Activity
Please output exactly the lines below, starting at the line that has "Novum Hotel Cristall" and ending at the line that has "New 2021 Aston", both included; leave out all pictures and include nothing else.

Material to process
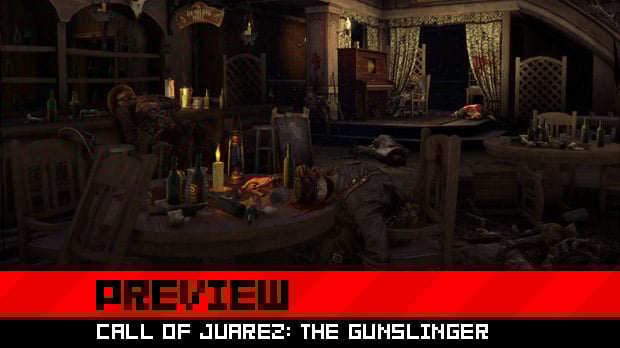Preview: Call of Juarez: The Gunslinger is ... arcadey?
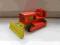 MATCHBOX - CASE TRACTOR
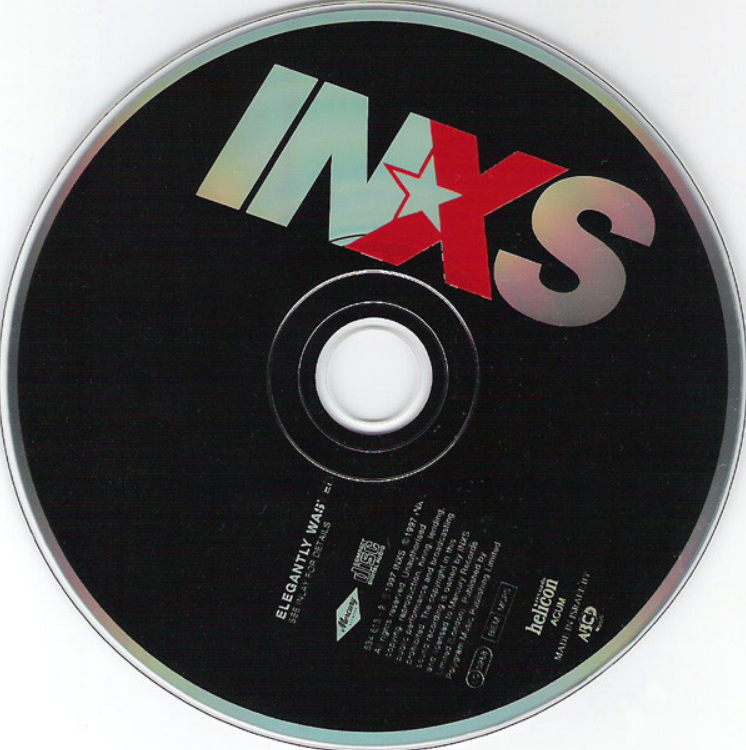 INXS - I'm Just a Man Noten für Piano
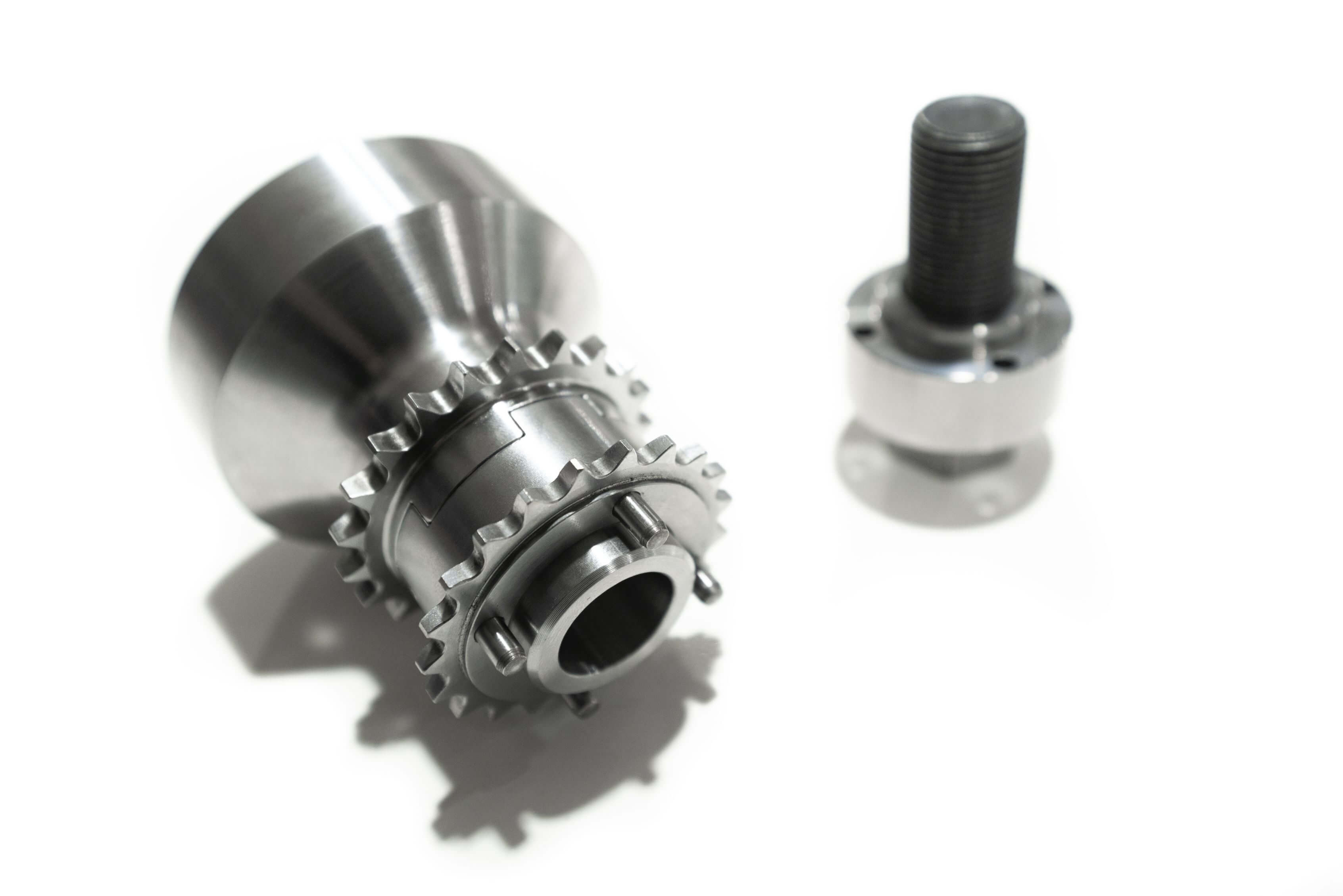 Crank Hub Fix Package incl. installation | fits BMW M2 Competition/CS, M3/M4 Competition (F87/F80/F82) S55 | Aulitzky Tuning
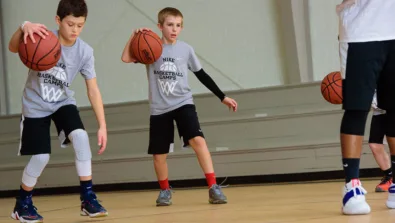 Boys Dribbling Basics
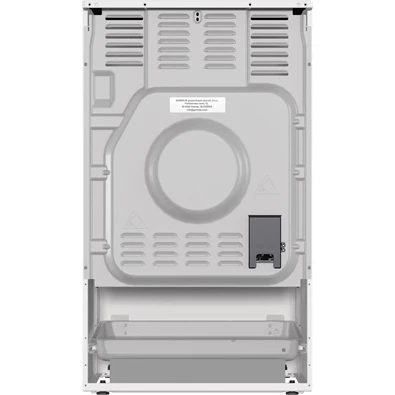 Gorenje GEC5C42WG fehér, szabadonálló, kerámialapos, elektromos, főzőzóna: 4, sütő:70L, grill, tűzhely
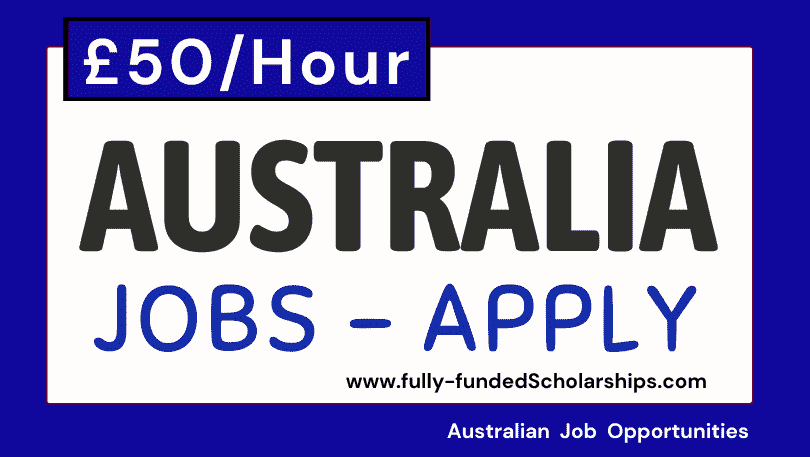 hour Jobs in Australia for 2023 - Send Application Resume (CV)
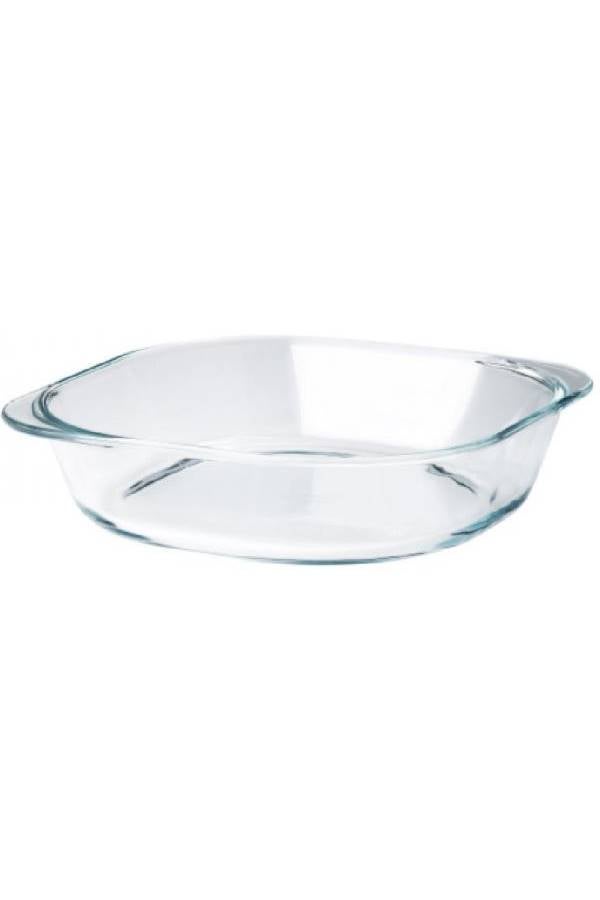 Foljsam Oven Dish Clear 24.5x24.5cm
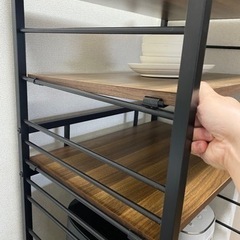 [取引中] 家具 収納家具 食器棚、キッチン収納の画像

--

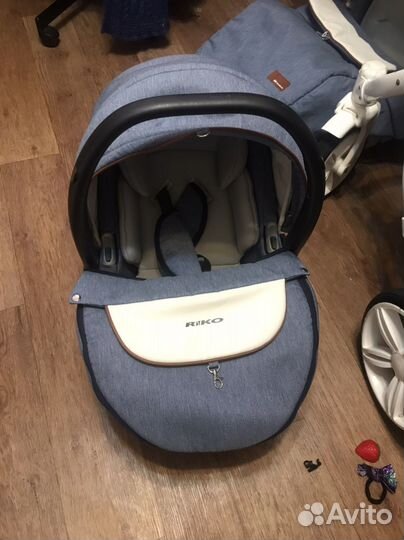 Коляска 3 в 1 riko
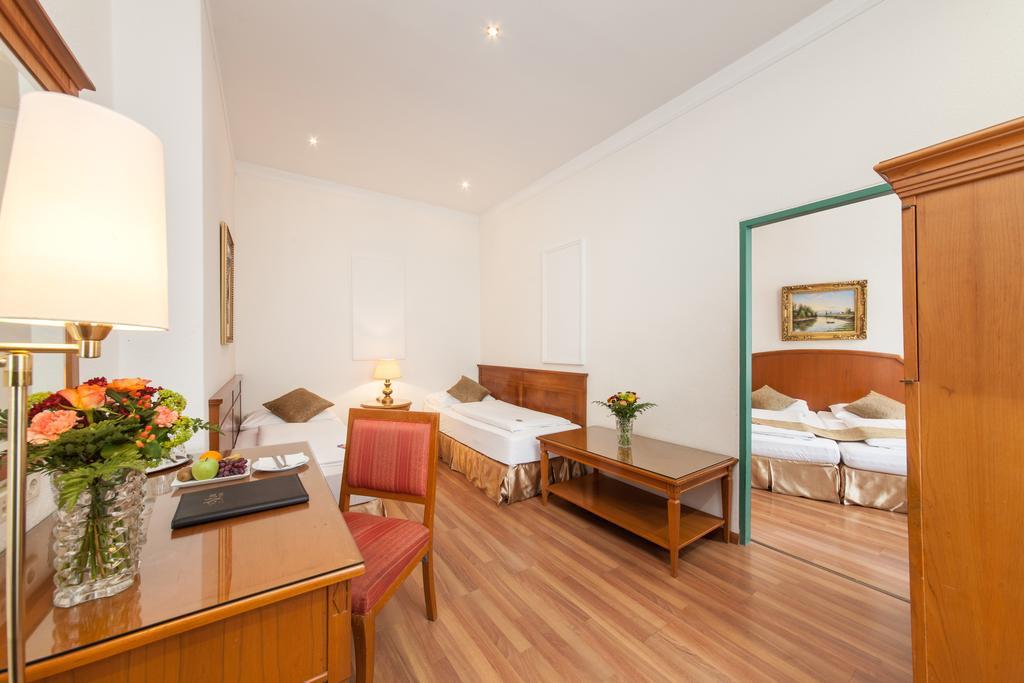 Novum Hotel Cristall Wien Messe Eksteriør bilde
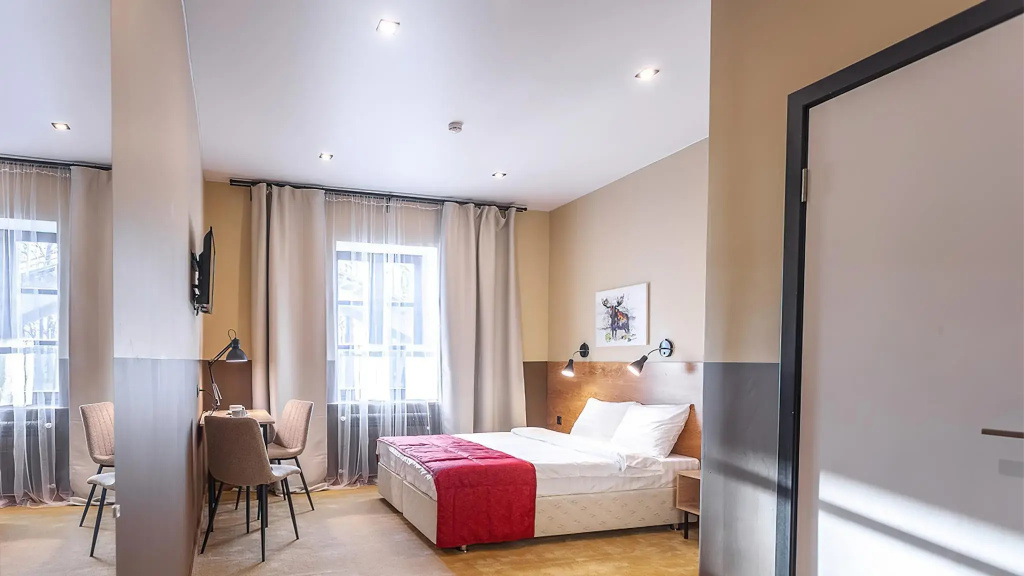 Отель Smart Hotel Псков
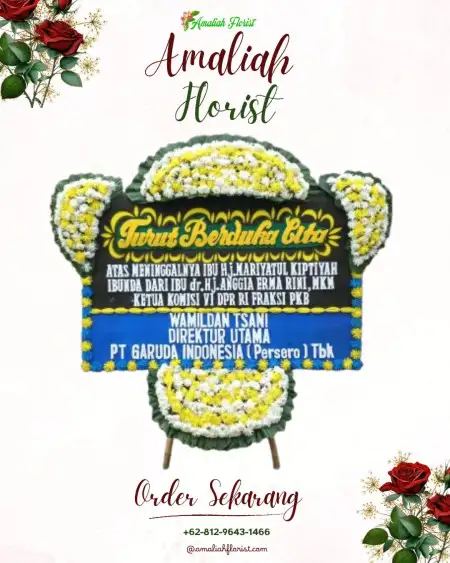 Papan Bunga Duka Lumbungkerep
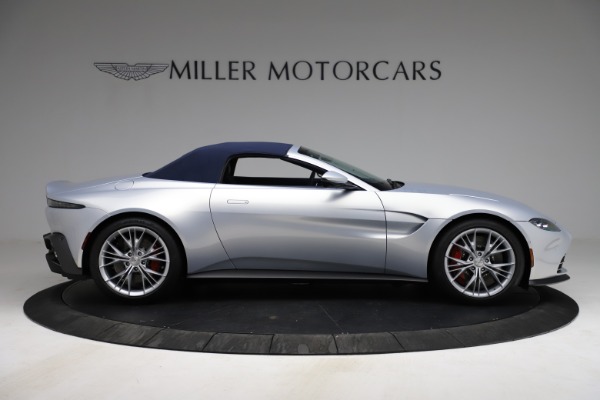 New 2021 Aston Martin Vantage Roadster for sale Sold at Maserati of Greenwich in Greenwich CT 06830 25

==

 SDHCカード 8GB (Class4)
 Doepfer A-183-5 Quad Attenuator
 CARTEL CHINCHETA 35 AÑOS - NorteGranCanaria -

Response to this exercise
 Novum Hotel Cristall Wien Messe Eksteriør bilde
 Отель Smart Hotel Псков
 Papan Bunga Duka Lumbungkerep
 New 2021 Aston Martin Vantage Roadster for sale Sold at Maserati of Greenwich in Greenwich CT 06830 25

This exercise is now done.